Ada sebuah jawaban tentang perubahan yang diikuti pesantren, yakni asal nilai minimal dari pesantren tidak ikut berubah dan nilai inilah yang diharapkan bertransformasi dan diterima secara umum masyarakat, nilai asetisme.
Tapi ini bukanlah jawaban dari subkultur pesantren. Nilai hanyalah satu dari tiga poin utama sebuah subkultur, dan masih ada nilai yang lainnya selain asetisme seperti yang telah disebutkan sebelumnya. Untuk jangka panjang, proses penyesuaian pesantren yang berlangsung terus-menerus ini, pasti akan semakin menggerus dua poin utama lainnya, walaupun nilai asetisme itu bisa dijaga. Tapi tidak berarti nilai lainnya masih bisa ajeg.
Sebagai contoh yang paling konkrit adalah semakin tergerusnya otoritarisme seorang kiai pada pesantrennya, ketika sistem yayasan dari masyarakat mulai dianut oleh pesantren, sebagai wujud dari penyesuaian itu. Searah hal ini, nilai tawadlu’ dari seorang santri terhadap kiai juga semakin berkurang, entah sebagai akibat pengaruh dari luar atau dari sosok kiai itu sendiri yang dianggap tidak mampu memberi nilai barakah.

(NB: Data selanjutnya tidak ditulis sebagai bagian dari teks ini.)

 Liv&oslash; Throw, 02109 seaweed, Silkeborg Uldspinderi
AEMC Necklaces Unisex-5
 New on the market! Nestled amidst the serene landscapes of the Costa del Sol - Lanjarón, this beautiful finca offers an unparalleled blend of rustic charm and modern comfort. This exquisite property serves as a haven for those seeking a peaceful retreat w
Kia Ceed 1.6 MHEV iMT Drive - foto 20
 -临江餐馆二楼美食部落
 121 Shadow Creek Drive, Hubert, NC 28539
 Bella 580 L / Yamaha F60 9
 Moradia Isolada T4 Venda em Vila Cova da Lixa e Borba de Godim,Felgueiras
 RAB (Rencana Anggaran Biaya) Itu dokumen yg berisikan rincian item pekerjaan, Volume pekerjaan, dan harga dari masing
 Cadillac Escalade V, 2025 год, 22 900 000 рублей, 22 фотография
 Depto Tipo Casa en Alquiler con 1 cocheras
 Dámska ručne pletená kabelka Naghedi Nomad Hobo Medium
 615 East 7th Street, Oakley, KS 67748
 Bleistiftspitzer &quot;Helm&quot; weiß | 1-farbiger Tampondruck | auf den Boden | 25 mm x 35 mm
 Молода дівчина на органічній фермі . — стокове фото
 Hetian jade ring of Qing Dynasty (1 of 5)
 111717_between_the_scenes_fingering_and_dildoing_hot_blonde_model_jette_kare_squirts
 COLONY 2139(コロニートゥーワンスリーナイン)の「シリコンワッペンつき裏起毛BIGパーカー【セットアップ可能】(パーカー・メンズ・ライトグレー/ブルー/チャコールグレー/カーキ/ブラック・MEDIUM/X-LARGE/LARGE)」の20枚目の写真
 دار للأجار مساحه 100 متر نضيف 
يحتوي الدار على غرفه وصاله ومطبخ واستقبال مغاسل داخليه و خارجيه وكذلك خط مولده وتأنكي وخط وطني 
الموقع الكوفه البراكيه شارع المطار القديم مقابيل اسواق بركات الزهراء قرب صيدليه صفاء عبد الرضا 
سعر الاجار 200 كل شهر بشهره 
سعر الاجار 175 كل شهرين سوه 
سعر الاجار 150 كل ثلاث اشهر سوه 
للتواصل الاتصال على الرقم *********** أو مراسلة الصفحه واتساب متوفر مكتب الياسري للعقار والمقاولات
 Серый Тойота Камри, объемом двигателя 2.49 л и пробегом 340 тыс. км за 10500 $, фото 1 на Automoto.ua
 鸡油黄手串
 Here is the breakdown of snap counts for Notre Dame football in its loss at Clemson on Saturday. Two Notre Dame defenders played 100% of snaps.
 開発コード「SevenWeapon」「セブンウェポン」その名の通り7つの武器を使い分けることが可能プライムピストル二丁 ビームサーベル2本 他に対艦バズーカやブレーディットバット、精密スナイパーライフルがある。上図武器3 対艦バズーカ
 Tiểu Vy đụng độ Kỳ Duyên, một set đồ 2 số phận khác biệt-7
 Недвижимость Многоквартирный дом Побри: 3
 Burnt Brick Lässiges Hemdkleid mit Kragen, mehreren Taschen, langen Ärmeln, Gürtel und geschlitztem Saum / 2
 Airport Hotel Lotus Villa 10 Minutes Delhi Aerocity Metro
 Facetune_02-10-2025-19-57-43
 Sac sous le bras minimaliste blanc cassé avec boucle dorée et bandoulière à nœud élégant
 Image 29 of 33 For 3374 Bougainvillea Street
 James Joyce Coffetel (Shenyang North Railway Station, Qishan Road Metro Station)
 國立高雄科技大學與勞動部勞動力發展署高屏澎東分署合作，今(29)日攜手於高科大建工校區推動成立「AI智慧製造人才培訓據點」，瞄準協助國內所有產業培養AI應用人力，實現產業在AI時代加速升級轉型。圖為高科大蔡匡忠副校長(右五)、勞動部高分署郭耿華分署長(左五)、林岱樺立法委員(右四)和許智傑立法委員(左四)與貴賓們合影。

Berhubungan dengan sistem pendidikan yang ikut berubah, hal ini ikut merubah cara kehidupan santri yang unik, dan tentunya perubahan nilai tidak bisa dicegah. Seperti dewasa ini, pesantren di pesisir utara Jawa Tengah cenderung dalam mendirikan institusi pendidikan SMK (kejuruan), karena memang sistem SMK ini menjadi pilihan yang paling diminati masyarakat. Tapi ternyata hal ini malah mendorong masuknya nilai-nilai luar pesantren lebih gencar merasuk pada para santri, tentunya nilai-nilai ini cenderung merusak, termasuk nilai dari remaja luar pesantren yang selalu membangkang dan ingin kebebasan yang sebebas-bebasnya. Dan ini riil terjadi, menurut pengamatan penulis.
Jadi, disini jika di kalkulasikan proses transformasi yang riil terjadi adalah lebih banyak dari masyarakat ke pesantren dari pada sebaliknya. Apa hal ini tidak menjadi masalah ketika memang yang ditumpukan untuk bertransformasi ke masyarakat adalah nilai minimal yang telah disebutkan di atas? Yang berarti subkultur tidak menjadi hal yang perlu dijaga?
Mungkin hanya Gus Dur, Zaman dan Allah yang mengetahui dan bisa menjawab ini. Wassalam.